Expedia’s Ex-COO Says Ad Fees Jumped After Google Remade Search

Advertising payments from Expedia Group Inc.’s vacation home rental business to Alphabet Inc.’s Google ballooned 10 times over a five-year period, but failed to increase traffic after the search engine started showcasing its own flight and hotel information, a former executive of the company told a federal judge.

(Bloomberg) — Advertising payments from Expedia Group Inc.’s vacation home rental business to Alphabet Inc.’s Google ballooned 10 times over a five-year period, but failed to increase traffic after the search engine started showcasing its own flight and hotel information, a former executive of the company told a federal judge.

About 500 million people visit Expedia’s Vrbo from Alphabet Inc.’s Google each year and that number didn’t increase even though the company’s search advertising costs grew from $21 million in 2015 to $290 million in 2019, according to Jeff Hurst, Expedia’s former chief operating officer.

With Google, “you are more listening to them tell you what to do as opposed to” a real partnership, Hurst testified Thursday as part of the Justice Department’s antitrust trial against the search giant.

Antitrust enforcers allege that Google has illegally maintained a monopoly over search, and that its dominance over the industry has allowed it to raise prices on advertisers without consequences.  

Hurst’s comments echo those made by witnesses from JPMorgan Chase & Co., Home Depot Inc. and Booking Holdings Inc. about the importance of Google’s search advertising as a way to reach consumers over the last week.

Online travel companies like Expedia and Booking once had a mutually beneficial relationship with Google advertising. But around 2015, Google remade its search engine to to show its own flight and hotel information, pushing down the free listings from the travel companies. Google also built new travel search tools which were mostly paid listings, too. That meant online travel agents were forced to pay billions of dollars each year to Google to ensure they show up high in search results and get clicks from travel planners.

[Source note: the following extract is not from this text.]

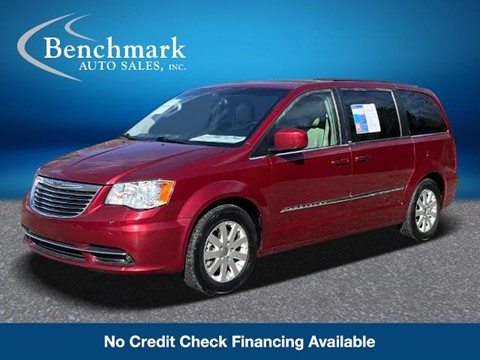 2012 Chrysler Town and Country Touring 4dr Mini-Van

Arjan Dijk, a senior Booking executive who formerly worked at Google, called the search engine a “benevolent dictatorship” where advertisers “just have to accept any changes that Google makes.” 

 

Google has argued that its search ads — the text and shopping promotions that appear at the top of a results page in response to user queries – are just one avenue that advertisers can use to reach consumers and that it is losing business to Amazon.com Inc. and ByteDance Ltd.’s TikTok.

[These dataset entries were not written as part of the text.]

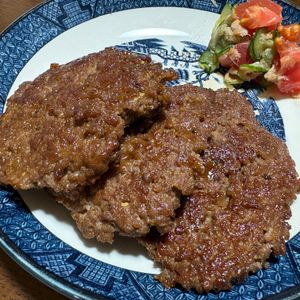 夏野菜の柴ぱんの作ってみた!投稿(すっごく簡単、今日の主役！ひき肉ステーキ)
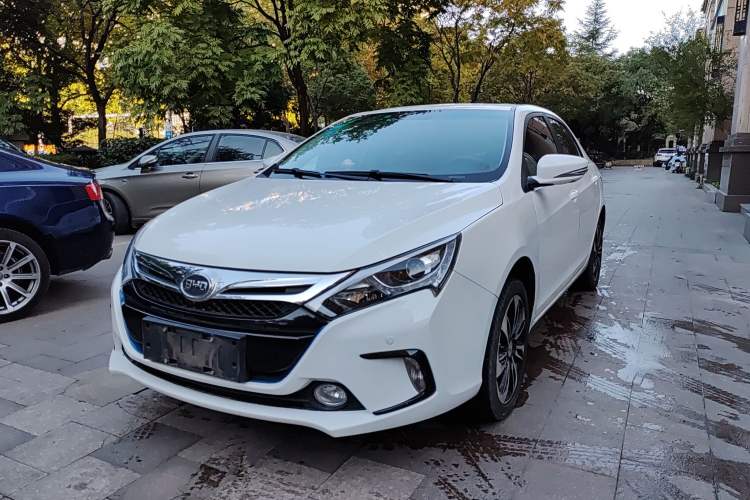 Used BYD Qin New Energy 2015 1.5T Dual-Crown Flagship Plus Edition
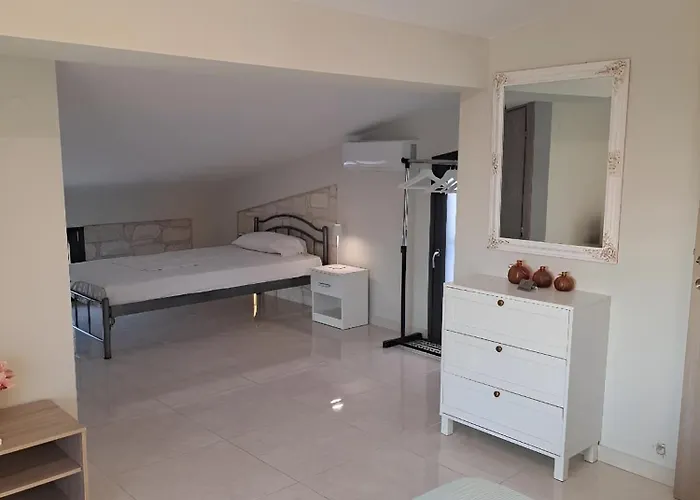 Апартаменты Elizabeth View *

“I would not say Google search ads are a must-have for any advertiser,” Jerry Dischler, vice president for Google’s advertising products, said in testimony last month.

About two-thirds, more than 60%, of Google’s total revenue comes from search ads, Dischler said, amounting to more than $100 billion in 2020. Every year since 2012, the company’s search ad revenue growth has been in the “high teens,” according to documents shown by the Justice Department.

Google sells search ads via automated auctions that take place in less than a second after a user enters a query. The Justice Department’s experts testified that Google has made changes to its auction rules to increase prices as much as 15%. The company has also limited the amount of information marketers have about where their spending is going and made it harder for them to opt-out of specific advertising auctions.

Executives of other companies that advertise with Google have also testified about Google’s importance for their businesses.

Ryan Booth, a Home Depot employee said the retailer experimented with “Go Dark” tests where they would withdraw all advertising from Google. But Home Depot found that its revenue dropped by a “meaningful” amount if it stopped advertising on the search engine, he said. 

Tracy-Ann Lim, a JPMorgan marketing executive, said the amount of money the company pays for search advertising on Google has doubled since 2020. She attributed that partly to new products being offered by the company and an increased interest in its services over the past few years.